*What needs to be done*.
Transcribe exactly everything in the data below from the line containing "TX license plate BIW9697" down to the line containing "Gold Modern Boho", both lines included and nothing further.
Top of Records for this task
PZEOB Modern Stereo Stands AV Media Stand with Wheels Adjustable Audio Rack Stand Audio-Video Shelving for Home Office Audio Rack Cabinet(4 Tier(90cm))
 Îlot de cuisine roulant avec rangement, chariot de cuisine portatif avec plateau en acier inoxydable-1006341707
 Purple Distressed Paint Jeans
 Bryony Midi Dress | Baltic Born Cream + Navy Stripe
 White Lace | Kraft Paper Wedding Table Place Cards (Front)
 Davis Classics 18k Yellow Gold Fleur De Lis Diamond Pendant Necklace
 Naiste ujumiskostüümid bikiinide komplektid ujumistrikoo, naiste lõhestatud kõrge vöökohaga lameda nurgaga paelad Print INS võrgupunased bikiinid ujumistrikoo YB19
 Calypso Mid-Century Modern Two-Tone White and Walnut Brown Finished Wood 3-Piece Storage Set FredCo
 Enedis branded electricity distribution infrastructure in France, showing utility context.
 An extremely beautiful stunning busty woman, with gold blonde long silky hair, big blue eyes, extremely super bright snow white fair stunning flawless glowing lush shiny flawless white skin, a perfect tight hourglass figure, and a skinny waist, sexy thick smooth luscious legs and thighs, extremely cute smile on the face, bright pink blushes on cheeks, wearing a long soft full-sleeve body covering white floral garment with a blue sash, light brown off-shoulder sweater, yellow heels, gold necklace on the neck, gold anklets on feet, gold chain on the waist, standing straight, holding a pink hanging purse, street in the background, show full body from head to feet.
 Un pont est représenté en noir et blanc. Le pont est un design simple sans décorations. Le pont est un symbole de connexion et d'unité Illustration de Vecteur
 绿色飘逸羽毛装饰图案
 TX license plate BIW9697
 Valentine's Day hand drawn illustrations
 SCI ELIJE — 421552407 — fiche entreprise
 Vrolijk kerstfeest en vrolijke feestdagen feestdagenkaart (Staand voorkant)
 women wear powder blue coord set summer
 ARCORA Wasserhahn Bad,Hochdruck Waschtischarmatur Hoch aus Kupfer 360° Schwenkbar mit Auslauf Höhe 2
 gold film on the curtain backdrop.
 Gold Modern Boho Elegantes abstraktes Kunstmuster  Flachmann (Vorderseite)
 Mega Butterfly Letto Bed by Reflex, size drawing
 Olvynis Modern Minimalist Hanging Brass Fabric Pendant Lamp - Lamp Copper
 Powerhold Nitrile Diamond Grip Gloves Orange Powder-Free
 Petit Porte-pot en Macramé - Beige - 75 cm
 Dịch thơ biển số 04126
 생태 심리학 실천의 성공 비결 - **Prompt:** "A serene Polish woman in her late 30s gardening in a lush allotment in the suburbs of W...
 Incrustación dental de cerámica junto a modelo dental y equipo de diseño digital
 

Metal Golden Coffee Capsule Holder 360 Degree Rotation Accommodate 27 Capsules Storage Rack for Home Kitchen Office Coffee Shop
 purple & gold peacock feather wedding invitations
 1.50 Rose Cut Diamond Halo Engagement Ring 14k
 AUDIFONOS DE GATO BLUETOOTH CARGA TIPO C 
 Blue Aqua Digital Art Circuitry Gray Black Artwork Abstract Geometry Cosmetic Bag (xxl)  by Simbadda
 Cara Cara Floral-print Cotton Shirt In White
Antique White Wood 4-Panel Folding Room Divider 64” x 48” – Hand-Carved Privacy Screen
Bottom of Records for this task
*Solution*.
 TX license plate BIW9697
 Valentine's Day hand drawn illustrations
 SCI ELIJE — 421552407 — fiche entreprise
 Vrolijk kerstfeest en vrolijke feestdagen feestdagenkaart (Staand voorkant)
 women wear powder blue coord set summer
 ARCORA Wasserhahn Bad,Hochdruck Waschtischarmatur Hoch aus Kupfer 360° Schwenkbar mit Auslauf Höhe 2
 gold film on the curtain backdrop.
 Gold Modern Boho Elegantes abstraktes Kunstmuster  Flachmann (Vorderseite)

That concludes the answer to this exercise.